La frase no refleja en absoluto la teoría de Darwin, puesto que él habló de supervivencia del más “apto” no del más fuerte. Ejemplos de su teoría los hay en todo el reino animal pero, para mencionar uno muy evidente, baste recordar que los dinosaurios, a pesar de ser los más fuertes, desaparecieron mientras sobrevivían otras especies mas débiles. No obstante, aunque los darwinistas hablaron siempre de aptitud, lo cierto es que durante años ha prevalecido la premisa de que el criterio de selección era más genético que moral, hasta el punto que se acabó dando por buena la idea de que en esta vida cada uno tiene lo que se merece. No fue hasta hace muy pocos años cuando los llamados darwinistas sociales empezaron a pergeñar otra hipótesis evolucionista más positiva. Para ello se apoyaron en el hecho evidente de que el hombre es sin duda un lobo para el hombre pero, a la vez, es capaz de sentir compasión, lástima, deseos de ayudar y, además, colaborar con otros individuos de su especie. Y es precisamente el término colaboración unido al término confianza lo que marca la diferencia entre la antigua y la nueva teoría porque, según ésta, tanto una cosa como la otra han jugado un papel decisivo en la evolución de la especie humana: sólo el hombre es capaz de “confiar”.
En el reino animal, salvo dos excepciones, no existe colaboración fuera de la familia. Lo que llamamos confianza, es decir, ponerse en manos de un extraño, es una característica eminentemente humana y cuanta más confianza se deposita en un extraño, más se progresa.
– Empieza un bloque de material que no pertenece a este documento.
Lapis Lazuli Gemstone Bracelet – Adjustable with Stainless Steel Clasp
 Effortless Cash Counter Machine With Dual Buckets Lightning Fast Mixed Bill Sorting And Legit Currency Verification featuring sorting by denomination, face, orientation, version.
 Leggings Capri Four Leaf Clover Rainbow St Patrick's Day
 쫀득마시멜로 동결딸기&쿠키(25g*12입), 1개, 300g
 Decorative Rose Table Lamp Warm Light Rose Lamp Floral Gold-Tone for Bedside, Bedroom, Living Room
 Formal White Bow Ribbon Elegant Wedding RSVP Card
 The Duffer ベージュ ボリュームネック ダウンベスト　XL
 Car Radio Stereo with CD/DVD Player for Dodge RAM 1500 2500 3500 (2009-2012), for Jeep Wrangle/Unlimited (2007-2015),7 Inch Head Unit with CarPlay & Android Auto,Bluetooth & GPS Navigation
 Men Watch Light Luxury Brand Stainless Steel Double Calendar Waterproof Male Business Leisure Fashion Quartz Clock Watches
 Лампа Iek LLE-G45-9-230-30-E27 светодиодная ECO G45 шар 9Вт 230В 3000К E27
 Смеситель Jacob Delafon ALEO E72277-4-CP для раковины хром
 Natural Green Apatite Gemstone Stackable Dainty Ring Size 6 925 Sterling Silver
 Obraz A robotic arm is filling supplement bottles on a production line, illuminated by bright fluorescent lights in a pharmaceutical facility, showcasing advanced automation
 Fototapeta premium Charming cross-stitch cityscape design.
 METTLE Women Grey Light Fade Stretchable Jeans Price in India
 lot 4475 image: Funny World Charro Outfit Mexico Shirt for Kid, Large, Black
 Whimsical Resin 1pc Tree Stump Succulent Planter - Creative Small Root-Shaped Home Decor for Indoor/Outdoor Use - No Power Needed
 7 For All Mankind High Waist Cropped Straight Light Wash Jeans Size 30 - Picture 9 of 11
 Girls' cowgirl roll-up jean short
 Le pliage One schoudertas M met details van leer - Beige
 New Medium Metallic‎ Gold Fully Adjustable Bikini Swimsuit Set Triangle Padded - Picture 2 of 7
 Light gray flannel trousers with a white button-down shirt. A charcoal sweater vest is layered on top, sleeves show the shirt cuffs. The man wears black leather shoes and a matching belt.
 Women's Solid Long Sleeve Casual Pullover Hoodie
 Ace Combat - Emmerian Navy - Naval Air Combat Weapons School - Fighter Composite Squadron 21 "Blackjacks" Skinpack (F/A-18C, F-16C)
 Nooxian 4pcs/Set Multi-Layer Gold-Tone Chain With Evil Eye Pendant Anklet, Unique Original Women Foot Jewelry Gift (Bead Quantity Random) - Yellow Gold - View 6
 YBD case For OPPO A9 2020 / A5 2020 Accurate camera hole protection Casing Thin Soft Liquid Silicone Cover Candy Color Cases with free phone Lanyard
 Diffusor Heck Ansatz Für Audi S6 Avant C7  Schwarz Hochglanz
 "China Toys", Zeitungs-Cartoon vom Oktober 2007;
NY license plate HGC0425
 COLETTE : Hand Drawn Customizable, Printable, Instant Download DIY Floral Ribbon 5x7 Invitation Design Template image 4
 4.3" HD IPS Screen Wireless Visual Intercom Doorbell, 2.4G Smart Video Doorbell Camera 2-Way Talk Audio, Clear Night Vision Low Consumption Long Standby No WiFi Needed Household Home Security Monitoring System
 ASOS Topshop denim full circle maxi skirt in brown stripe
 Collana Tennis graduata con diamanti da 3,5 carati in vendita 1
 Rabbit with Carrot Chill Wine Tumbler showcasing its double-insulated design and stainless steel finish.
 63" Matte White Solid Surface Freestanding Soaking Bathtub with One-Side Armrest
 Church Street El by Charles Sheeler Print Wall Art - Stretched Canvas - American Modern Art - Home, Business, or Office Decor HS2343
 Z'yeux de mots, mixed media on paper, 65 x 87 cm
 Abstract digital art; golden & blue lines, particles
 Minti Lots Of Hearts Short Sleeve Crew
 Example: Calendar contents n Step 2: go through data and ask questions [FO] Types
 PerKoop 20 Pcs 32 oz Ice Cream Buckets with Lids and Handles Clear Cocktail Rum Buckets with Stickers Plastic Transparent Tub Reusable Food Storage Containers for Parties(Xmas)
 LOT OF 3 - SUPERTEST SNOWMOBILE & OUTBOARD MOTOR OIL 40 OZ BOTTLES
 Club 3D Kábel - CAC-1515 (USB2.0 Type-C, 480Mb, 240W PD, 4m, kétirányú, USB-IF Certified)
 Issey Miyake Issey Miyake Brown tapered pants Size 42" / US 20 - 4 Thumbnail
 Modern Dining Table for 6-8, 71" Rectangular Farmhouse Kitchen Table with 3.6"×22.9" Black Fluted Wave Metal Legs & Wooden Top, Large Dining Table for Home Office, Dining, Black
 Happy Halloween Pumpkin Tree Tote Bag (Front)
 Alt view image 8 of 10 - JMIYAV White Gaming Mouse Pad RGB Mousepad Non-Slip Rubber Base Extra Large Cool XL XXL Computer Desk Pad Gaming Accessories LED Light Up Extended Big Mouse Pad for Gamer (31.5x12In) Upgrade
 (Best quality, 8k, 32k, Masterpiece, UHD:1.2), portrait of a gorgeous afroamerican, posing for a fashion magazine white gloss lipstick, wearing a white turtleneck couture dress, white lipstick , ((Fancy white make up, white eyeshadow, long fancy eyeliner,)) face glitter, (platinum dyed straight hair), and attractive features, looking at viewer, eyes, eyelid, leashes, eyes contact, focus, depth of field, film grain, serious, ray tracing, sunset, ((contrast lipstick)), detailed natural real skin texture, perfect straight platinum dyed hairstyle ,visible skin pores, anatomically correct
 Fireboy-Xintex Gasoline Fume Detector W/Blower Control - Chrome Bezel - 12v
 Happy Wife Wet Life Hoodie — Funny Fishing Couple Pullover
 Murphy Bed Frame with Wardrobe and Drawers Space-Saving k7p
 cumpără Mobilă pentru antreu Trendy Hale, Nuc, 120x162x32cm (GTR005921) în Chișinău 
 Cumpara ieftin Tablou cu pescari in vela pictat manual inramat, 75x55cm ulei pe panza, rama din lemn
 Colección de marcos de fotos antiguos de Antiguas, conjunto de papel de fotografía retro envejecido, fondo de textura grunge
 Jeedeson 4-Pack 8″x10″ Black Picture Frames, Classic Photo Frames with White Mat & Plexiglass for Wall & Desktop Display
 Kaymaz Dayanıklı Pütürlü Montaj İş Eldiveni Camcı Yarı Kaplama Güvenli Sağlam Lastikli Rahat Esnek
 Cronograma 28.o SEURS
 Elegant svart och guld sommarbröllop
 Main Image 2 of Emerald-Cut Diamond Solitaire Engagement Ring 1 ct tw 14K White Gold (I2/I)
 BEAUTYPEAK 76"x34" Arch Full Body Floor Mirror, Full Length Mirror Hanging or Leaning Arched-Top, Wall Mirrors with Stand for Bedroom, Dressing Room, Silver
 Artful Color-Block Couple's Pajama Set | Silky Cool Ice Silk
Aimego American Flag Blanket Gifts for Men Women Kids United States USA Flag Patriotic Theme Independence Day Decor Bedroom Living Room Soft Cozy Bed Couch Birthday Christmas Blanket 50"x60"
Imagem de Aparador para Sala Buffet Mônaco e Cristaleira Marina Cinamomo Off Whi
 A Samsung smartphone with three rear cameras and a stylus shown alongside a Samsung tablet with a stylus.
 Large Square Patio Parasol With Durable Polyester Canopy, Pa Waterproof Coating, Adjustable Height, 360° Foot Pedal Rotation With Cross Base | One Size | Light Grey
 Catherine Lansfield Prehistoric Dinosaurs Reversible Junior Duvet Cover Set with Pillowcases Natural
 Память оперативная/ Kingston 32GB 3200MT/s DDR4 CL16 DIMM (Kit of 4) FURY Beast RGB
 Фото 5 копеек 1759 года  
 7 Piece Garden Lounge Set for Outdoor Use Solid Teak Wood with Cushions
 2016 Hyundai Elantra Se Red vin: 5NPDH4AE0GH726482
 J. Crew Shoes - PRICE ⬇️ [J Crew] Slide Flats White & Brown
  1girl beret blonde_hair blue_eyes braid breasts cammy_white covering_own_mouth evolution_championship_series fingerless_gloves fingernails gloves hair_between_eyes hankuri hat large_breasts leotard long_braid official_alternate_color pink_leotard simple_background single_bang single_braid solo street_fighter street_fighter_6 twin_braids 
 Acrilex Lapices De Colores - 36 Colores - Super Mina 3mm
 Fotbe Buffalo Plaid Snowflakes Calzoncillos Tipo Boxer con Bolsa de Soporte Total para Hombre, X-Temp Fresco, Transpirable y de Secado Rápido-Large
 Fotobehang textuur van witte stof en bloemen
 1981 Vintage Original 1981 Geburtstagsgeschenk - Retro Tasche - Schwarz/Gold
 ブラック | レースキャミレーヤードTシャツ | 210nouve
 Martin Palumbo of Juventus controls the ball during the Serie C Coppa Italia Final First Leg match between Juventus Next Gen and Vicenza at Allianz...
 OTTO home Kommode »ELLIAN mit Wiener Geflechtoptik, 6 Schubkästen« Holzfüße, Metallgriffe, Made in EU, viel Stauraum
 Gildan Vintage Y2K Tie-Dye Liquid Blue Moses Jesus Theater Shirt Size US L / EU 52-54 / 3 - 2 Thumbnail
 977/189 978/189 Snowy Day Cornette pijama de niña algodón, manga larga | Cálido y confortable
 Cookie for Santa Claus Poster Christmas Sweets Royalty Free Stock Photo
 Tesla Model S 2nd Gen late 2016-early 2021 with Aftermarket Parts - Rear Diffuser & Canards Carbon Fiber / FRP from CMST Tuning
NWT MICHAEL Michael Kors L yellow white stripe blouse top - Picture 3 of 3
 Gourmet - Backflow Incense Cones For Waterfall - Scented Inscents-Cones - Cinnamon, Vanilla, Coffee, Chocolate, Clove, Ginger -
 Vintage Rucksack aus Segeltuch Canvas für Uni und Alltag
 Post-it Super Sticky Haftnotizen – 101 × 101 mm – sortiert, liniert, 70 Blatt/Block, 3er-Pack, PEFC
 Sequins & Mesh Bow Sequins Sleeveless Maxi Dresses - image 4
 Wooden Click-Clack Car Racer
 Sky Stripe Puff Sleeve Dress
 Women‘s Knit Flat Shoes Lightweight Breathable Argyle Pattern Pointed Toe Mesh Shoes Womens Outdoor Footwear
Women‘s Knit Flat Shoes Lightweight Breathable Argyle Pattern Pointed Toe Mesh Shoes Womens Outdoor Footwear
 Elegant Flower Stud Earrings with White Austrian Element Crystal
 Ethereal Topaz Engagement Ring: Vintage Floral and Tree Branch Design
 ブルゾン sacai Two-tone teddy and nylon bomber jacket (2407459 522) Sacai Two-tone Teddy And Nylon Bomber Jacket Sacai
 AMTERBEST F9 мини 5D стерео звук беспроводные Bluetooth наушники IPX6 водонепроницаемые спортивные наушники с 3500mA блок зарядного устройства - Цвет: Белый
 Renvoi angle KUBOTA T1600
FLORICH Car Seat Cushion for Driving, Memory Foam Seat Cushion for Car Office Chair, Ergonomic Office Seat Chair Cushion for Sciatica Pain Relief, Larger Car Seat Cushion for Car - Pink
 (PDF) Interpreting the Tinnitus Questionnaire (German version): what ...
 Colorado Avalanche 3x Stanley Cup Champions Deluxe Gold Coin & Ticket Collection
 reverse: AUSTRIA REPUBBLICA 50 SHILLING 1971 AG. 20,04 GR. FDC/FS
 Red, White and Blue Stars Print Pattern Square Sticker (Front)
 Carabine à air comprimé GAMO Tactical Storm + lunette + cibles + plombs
En otras palabras, los animales rarísima vez salen de una estructura de parentesco; el hombre en cambio lo hace, y por eso surgieron las tribus, luego los pueblos y más tarde las civilizaciones.
Muchas teorías filosóficas, y en especial las orientales, habían señalado hace siglos la llamada dualidad que explica tanto lo bueno como lo malo que hay en nosotros, pero el hecho de que ahora sea la ciencia la que corrobore la teoría de la “confianza” me parece importante. Por eso me he permitido tomar prestado de Dickens el título “Grandes esperanzas” para encabezar este artículo. Seguro que él, que creía tanto en la grandeza como en la mezquindad de nuestra especie, estaría encantado de saber que científicamente se puede probar que esa dualidad es la que ha hecho del ser humano una especie única. Y estoy segura también de que si él supiera que incluso los politólogos y economistas, tan pragmáticos y descreídos ellos, cantan las loas de la “confianza” como factor económico de primer orden, no habría podido evitar una sonrisa. “Examinando la vida económica –escribe Francis Fukuyama en su libro Virtudes sociales y Prosperidad– se puede deducir que el bienestar de una nación y su habilidad para competir está condicionada por una única y decisiva característica cultural: el grado de confianza (trust) que esa sociedad tenga”.
Me gusta mucho imaginar cómo Dickens, que era aficionado también a las citas bíblicas, al leer esto tal vez hubiera recordado esa profecía en apariencia tan improbable de que “un día el lobo y el cordero pacerán juntos sobre la tierra”.